# Historical Rebellion Inspiration



## popsprocket (Feb 5, 2013)

So I'm writing a scene list and one part just isn't coming together.

I have a POV character who essentially leads a rebellion, but near as I can tell she is the worst character I've ever come up with. I don't need _her _per se, but I do need someone to do her job.

What I'm looking for then are some historical events where a throne or ruling power was claimed/overthrown/put in jeopardy by a rebel group - preferably commoners. My googlefu is failing me on this one, so any key names or events would be wondrous 

At least using history as a prompt would work well with my other planning, as the main character is something like a cross between Spartacus and Alexander the Great.


----------



## Olly Buckle (Feb 5, 2013)

The *peasant's revolt* in England
The *Boxer rebellion* in China

Both put down of course, the people tend to be disorganised, the English revolution worked (for a bit) because of the New Model Army and its organisation, religion beat it. The American revolution and the French revolution were able to separate Religion from their political aims and were more successful.

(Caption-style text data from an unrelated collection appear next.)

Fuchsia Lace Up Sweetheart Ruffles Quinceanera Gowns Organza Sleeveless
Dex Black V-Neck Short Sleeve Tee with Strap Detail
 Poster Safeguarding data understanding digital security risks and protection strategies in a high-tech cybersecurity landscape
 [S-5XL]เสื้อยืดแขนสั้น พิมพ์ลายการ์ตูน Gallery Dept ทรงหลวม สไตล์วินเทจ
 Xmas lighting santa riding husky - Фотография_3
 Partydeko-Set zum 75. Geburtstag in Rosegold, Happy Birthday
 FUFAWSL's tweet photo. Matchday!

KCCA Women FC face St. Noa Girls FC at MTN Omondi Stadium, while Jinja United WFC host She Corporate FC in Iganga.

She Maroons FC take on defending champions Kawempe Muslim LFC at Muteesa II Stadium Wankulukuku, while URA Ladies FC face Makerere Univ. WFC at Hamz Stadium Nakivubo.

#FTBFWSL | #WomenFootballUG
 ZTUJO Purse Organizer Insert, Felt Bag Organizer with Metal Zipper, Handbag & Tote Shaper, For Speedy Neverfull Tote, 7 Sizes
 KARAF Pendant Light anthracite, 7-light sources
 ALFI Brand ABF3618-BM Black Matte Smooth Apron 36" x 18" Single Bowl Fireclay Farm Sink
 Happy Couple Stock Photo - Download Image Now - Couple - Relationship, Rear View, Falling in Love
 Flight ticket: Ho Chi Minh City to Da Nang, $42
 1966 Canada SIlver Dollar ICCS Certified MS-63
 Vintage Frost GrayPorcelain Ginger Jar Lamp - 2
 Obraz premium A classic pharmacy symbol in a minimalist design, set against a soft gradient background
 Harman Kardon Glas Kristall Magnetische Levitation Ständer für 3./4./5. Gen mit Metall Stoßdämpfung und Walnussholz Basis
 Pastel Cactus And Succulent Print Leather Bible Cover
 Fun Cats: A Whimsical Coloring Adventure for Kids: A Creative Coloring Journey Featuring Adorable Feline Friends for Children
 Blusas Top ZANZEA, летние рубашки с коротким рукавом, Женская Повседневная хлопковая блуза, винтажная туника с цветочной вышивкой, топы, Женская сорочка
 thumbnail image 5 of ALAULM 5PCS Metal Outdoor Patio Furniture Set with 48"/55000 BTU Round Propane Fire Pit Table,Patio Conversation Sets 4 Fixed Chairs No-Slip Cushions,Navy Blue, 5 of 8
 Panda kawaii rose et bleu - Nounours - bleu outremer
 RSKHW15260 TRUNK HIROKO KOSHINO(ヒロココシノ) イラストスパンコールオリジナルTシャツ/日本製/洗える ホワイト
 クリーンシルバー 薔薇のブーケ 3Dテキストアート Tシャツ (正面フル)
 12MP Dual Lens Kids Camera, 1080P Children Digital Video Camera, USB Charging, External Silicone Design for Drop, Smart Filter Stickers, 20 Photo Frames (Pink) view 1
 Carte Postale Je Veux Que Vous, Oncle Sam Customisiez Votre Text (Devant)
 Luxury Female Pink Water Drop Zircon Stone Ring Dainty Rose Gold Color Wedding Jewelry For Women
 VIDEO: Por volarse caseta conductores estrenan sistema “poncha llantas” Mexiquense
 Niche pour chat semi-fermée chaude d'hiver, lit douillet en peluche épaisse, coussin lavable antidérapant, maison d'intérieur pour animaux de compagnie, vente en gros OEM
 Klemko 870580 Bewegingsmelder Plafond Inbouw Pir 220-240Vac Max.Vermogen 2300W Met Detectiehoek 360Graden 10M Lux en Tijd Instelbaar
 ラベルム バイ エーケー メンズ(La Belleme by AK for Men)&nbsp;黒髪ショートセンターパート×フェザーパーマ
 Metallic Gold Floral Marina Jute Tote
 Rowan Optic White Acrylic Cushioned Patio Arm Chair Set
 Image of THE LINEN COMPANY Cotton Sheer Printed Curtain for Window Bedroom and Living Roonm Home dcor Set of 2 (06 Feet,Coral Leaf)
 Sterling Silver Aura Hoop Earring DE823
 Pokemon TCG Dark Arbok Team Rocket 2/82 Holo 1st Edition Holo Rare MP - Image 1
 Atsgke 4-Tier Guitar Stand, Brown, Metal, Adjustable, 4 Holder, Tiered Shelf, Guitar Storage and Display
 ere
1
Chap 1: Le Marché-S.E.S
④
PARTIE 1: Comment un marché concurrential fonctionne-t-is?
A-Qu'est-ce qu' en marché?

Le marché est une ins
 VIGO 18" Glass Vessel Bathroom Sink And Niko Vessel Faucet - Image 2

Thinking of our history "The struggle against the British" might be worth a Google, there have been a lot of them.


----------



## dolphinlee (Feb 5, 2013)

The second Russian Revolution.


----------



## Nickleby (Feb 5, 2013)

The Italian revolution of 1848 actually succeeded in unifying the country, although the new government collapsed soon after. Several other revolutions took place that year, with mixed results.

Giuseppe Garibaldi might be a good model for your narrator. Also Simon Bolivar of South America, from roughly the same period. Also Toussaint L'Ouverture of Haiti, although his rebellion failed, and he himself died in a French prison in 1803.


----------



## Hemlock (Feb 5, 2013)

I'm writing about a similar topic, and the first event that came to my mind was the EDSA Revolution
EDSA Revolution - Wikipedia, the free encyclopedia


----------



## popsprocket (Feb 5, 2013)

Thanks everyone!

I'll do my research and see if I can't come up with a likable character.


----------



## Lewdog (Feb 5, 2013)

​Gaddafi might be easy since it recently happened.


----------



## moderan (Feb 5, 2013)

John Dark?

Turn on the light.


----------



## Lewdog (Feb 5, 2013)

Storming of the Bastille?  "Let them eat cake!"


----------



## Angelwing (Feb 28, 2013)

French Revolution
Russian Revolution (1905, 1917) 
American Revolution
Shays' Rebellion
The Bonus Army 
Boxer Rebellion
Nat Turner's Rebellion 
Mexican Revolution
Haitian Revolution 
John Brown's Raid 
Pontiac's Rebellion
Decembrist Revolt
Chechnya's insurgency
Cuban Revolution (Castro) 
Irish Republican Party insurgency
Hutu uprising (Rwanda) 
Tiananmen Square protests


----------